In a report in December, former U.N. Secretary-General Kofi Annan recommended that the 8,800-strong mission be extended for one year when its mandate expired February 15, a view backed by the Friends of Haiti, whose members include the United States, Canada, Brazil, France and Britain.

But China, which has no diplomatic relations with Haiti, pushed for a six-month mandate.

Diplomats in Haiti have said China wanted the shorter mandate because of Haiti's support for Taiwan's bid to join the United Nations. Haiti is one of a handful of countries that has diplomatic ties with Taiwan. China and Taiwan split amid civil war in 1949, but Beijing still claims sovereignty over the island.

During negotiations, diplomats said China proposed an eight-month extension for the force, but the U.S. wanted a nine-month extension.

"We have agreed to eight months in the interests of continuing the presence on the ground, but we did support the Friends of Haiti position of 12 months," said U.S. deputy spokesman Ben Chang.

Acting U.S. ambassador Alejandro Wolff called the vote " an important signal of the determination of the international community" to support the U.N. mission.

"This is good news," he said, noting that all previous extensions had been for six months and this was the lengthiest extension for the mission.

China's U.N. Ambassador Wang Guangya said Beijing hopes that during the next eight months, Haiti can move from a peacekeeping operation to a peacebuilding mission.

He complained that the resolution was "not as balanced and comprehensive as expected" because it "overemphasizes military means but fails to pay adequate attention to political reconciliation and economic recovery."

Nonetheless, Wang said, "China agreed to put aside some pending issues to facilitate consensus." He expressed hope that these issues will be addressed when the council considers renewing the mandate in October.

Peacekeepers arrived in Haiti in July 2004 to quell unrest sparked by an uprising that led to the ouster of former president Jean-Bertrand Aristide.

The U.N. peacekeeping force -- which includes about 125 Chinese police officers -- has recently stepped up offensives to root out armed gangs that hold sway in slums in Haiti's capital, Port-au-Prince. The gangs are blamed for a wave of kidnappings and other violence.

The resolution calls on the U.N. force to "continue the increased tempo of operations" against the armed gangs to support the Haitian police "to restore security, notably in Port-au-Prince." It encourages the government and the U.N. force "to undertake coordinated deterrent actions to decrease the level of violence."

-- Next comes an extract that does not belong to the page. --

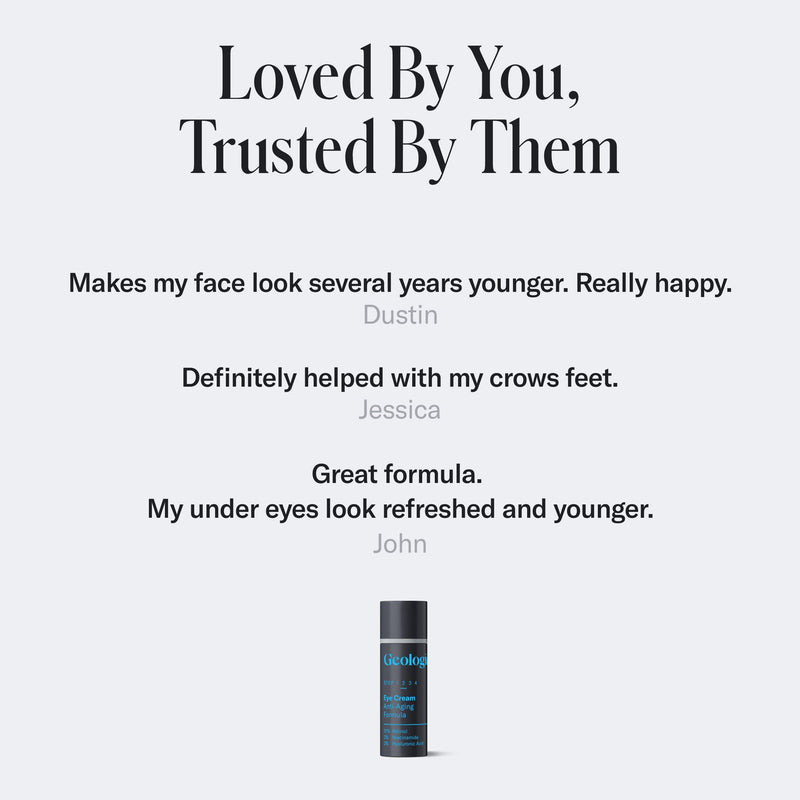 Geologie Eye Cream - Anti-Aging Formula Full Size Bottle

It asks the U.N. force "to accelerate efforts to reorient its disarmament, demobilization and reintegration resources towards a comprehensive violence reduction program" in coordination with the government.

The resolution recognizes the government of Haiti's "ownership and primary responsibility ... over all aspects of the country's stabilization and good governance" and the U.N. role in supporting the government's efforts.